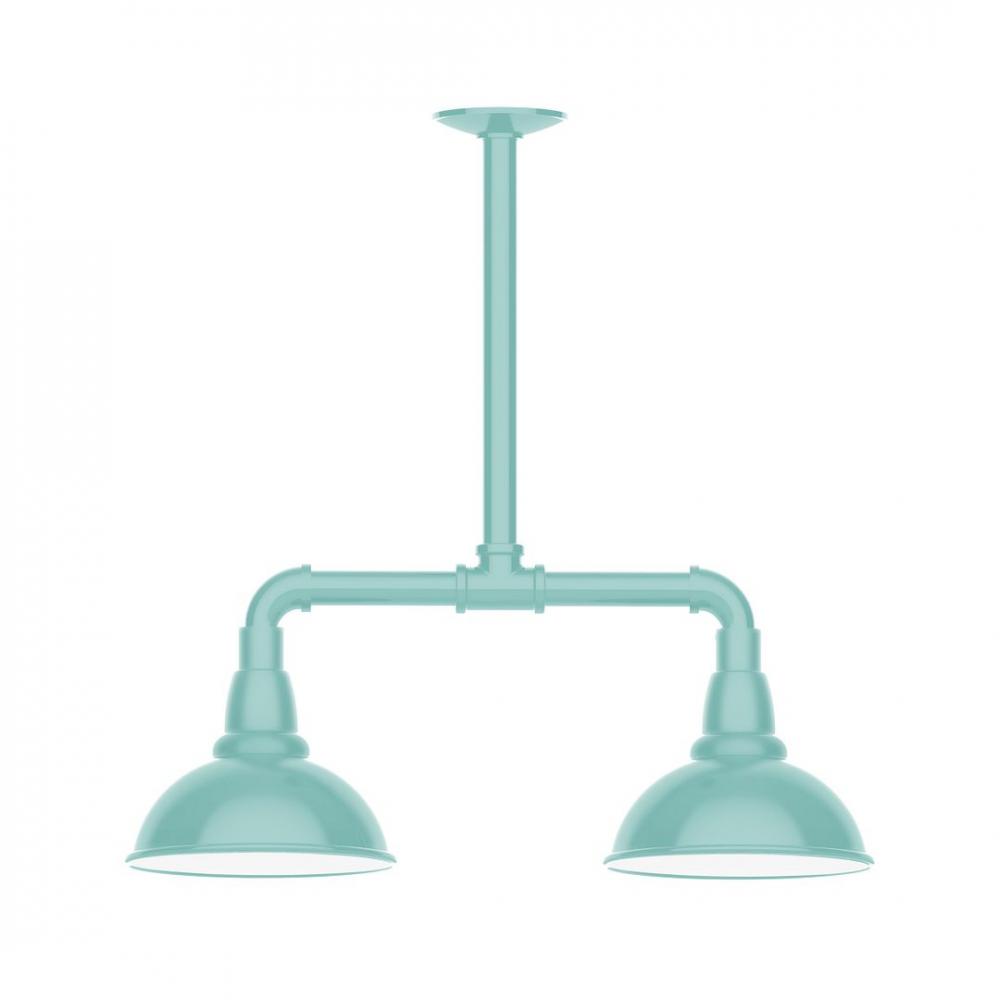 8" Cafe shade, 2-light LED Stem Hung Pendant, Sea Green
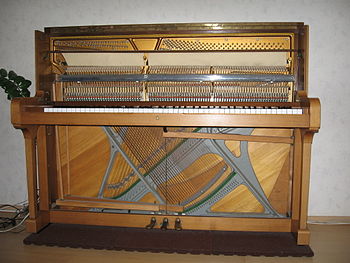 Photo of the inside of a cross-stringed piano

* * *

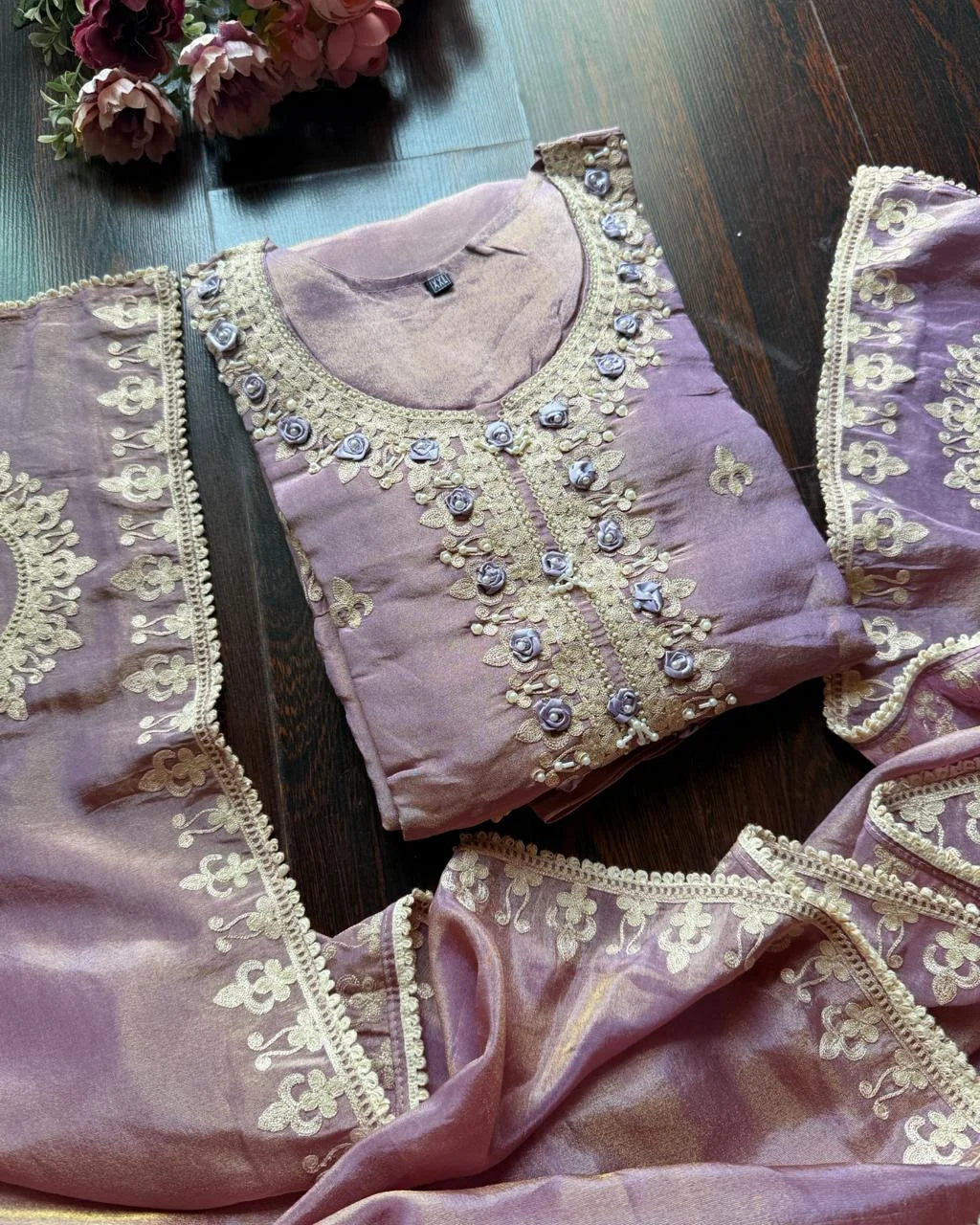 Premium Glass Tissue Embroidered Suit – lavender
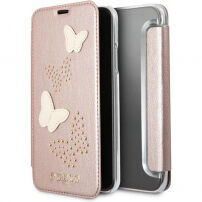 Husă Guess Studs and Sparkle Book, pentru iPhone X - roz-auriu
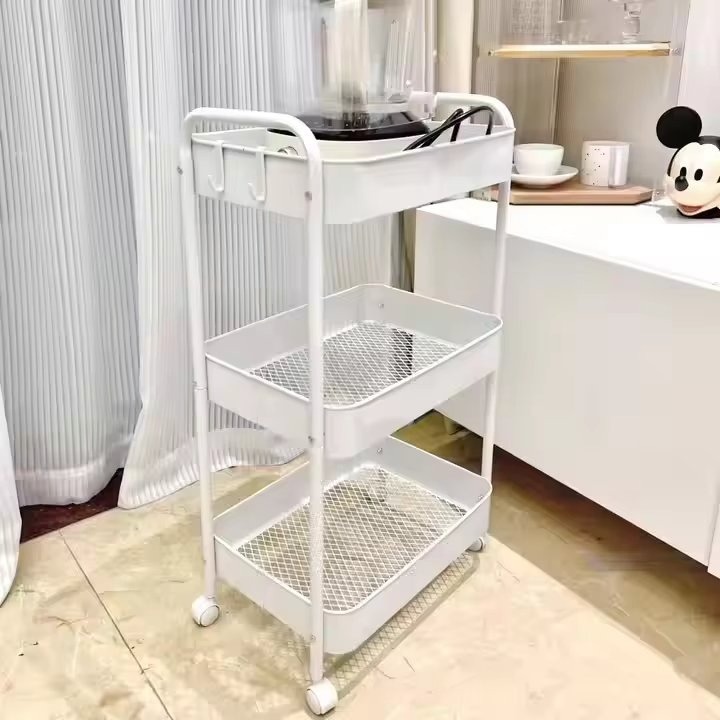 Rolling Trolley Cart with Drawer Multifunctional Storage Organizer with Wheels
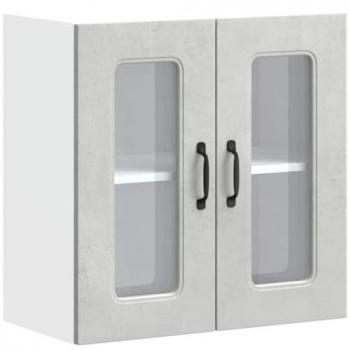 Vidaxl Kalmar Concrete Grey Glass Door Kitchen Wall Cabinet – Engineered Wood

---

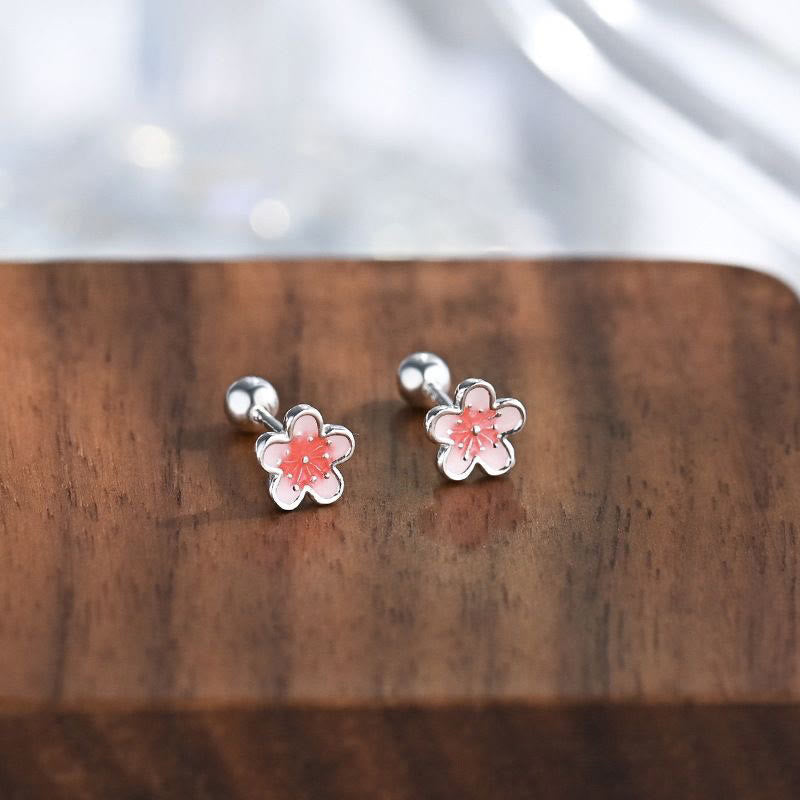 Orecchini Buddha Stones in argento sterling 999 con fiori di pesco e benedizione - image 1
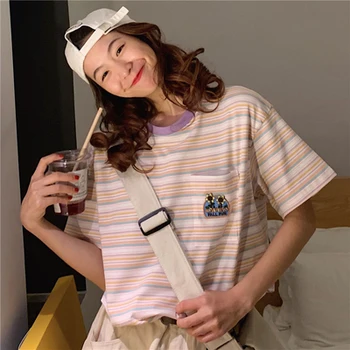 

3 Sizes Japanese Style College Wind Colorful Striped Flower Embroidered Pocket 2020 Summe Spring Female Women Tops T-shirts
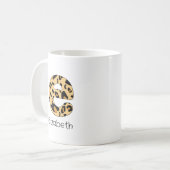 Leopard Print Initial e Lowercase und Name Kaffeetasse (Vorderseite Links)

* **WORK TO BE COMPLETED**
Would you copy, word for word, only the lines above from the one containing "3 Sizes Japanese" through the one containing "Leopard Print Initial", both included, and please leave out the pictures?

* **RESPONSE BELOW**
3 Sizes Japanese Style College Wind Colorful Striped Flower Embroidered Pocket 2020 Summe Spring Female Women Tops T-shirts
 Leopard Print Initial e Lowercase und Name Kaffeetasse (Vorderseite Links)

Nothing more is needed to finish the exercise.